## Task prompt
Word for word, set down the records and skip each picture.

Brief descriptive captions
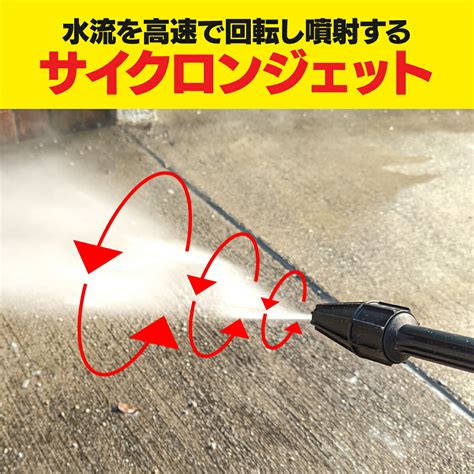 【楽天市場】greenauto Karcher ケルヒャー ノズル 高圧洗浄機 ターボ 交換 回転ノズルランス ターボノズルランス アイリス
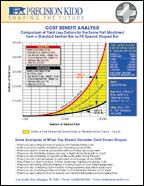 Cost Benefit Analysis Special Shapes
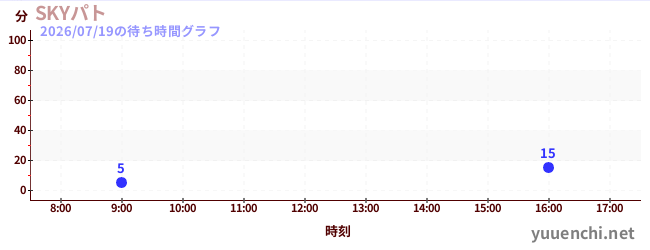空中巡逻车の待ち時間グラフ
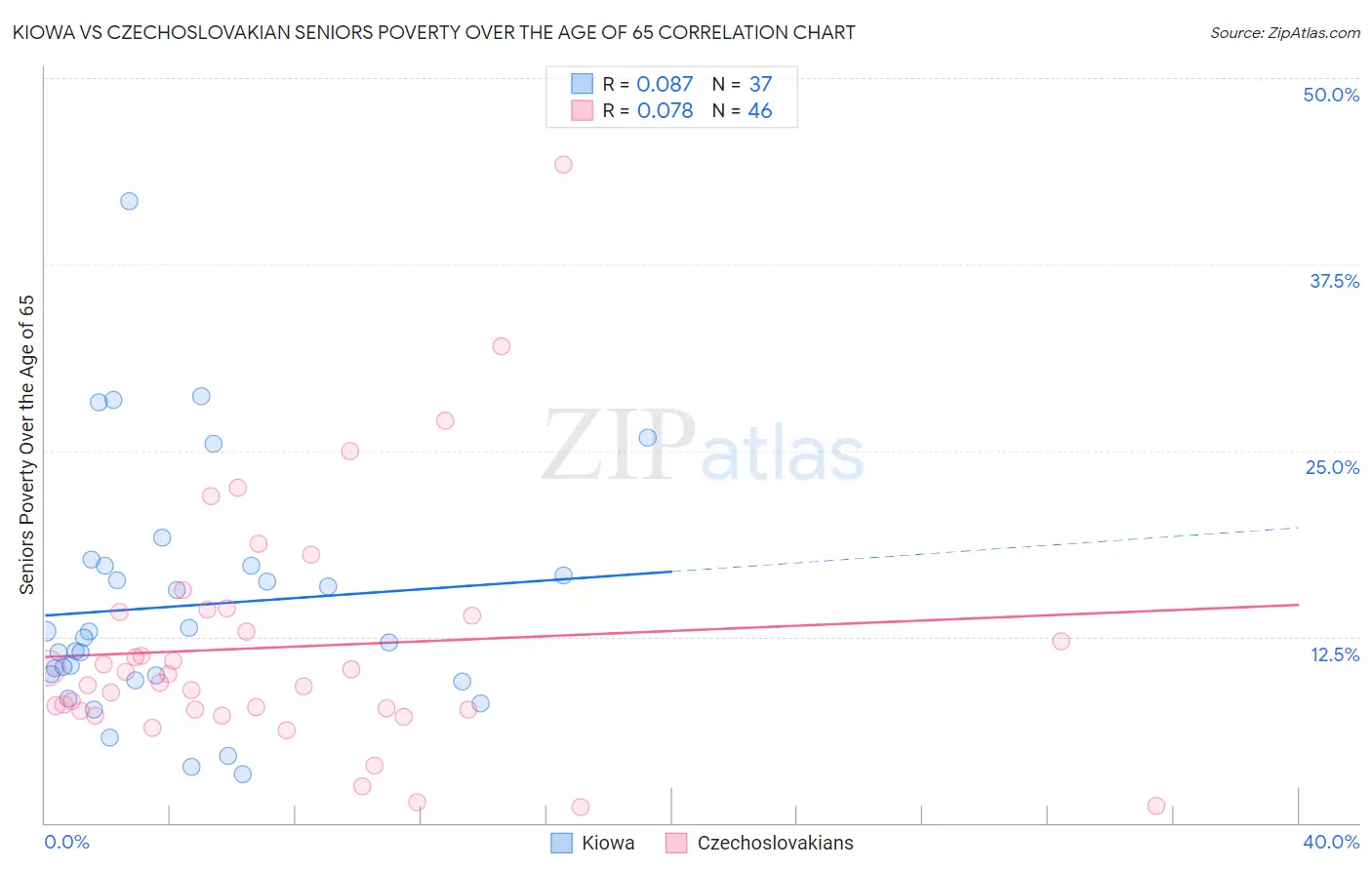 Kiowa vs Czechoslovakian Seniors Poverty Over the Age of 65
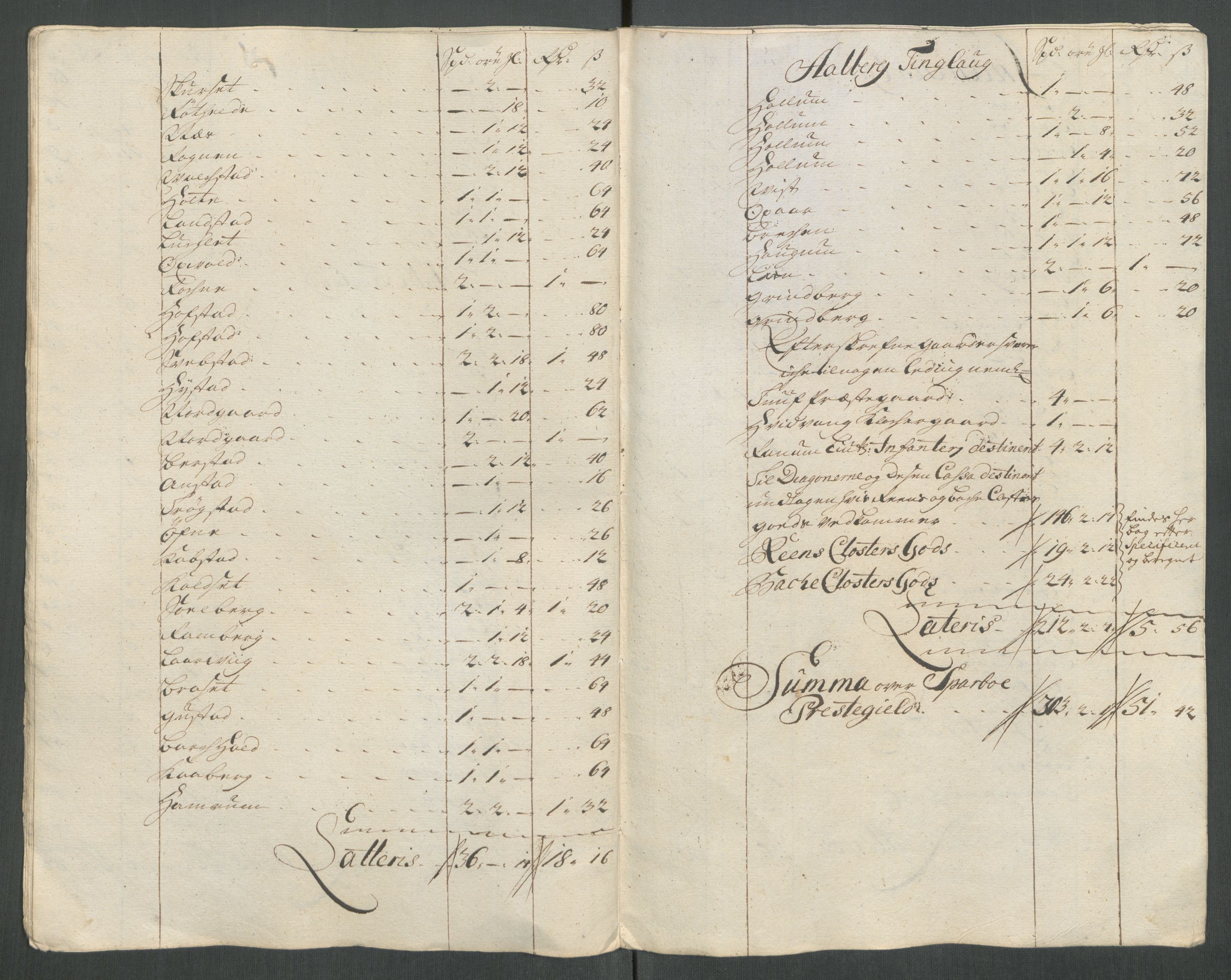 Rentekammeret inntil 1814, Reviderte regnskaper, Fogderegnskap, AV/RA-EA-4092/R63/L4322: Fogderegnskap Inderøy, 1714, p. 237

## Result
 【楽天市場】greenauto Karcher ケルヒャー ノズル 高圧洗浄機 ターボ 交換 回転ノズルランス ターボノズルランス アイリス
 Cost Benefit Analysis Special Shapes
空中巡逻车の待ち時間グラフ
 Kiowa vs Czechoslovakian Seniors Poverty Over the Age of 65
 Rentekammeret inntil 1814, Reviderte regnskaper, Fogderegnskap, AV/RA-EA-4092/R63/L4322: Fogderegnskap Inderøy, 1714, p. 237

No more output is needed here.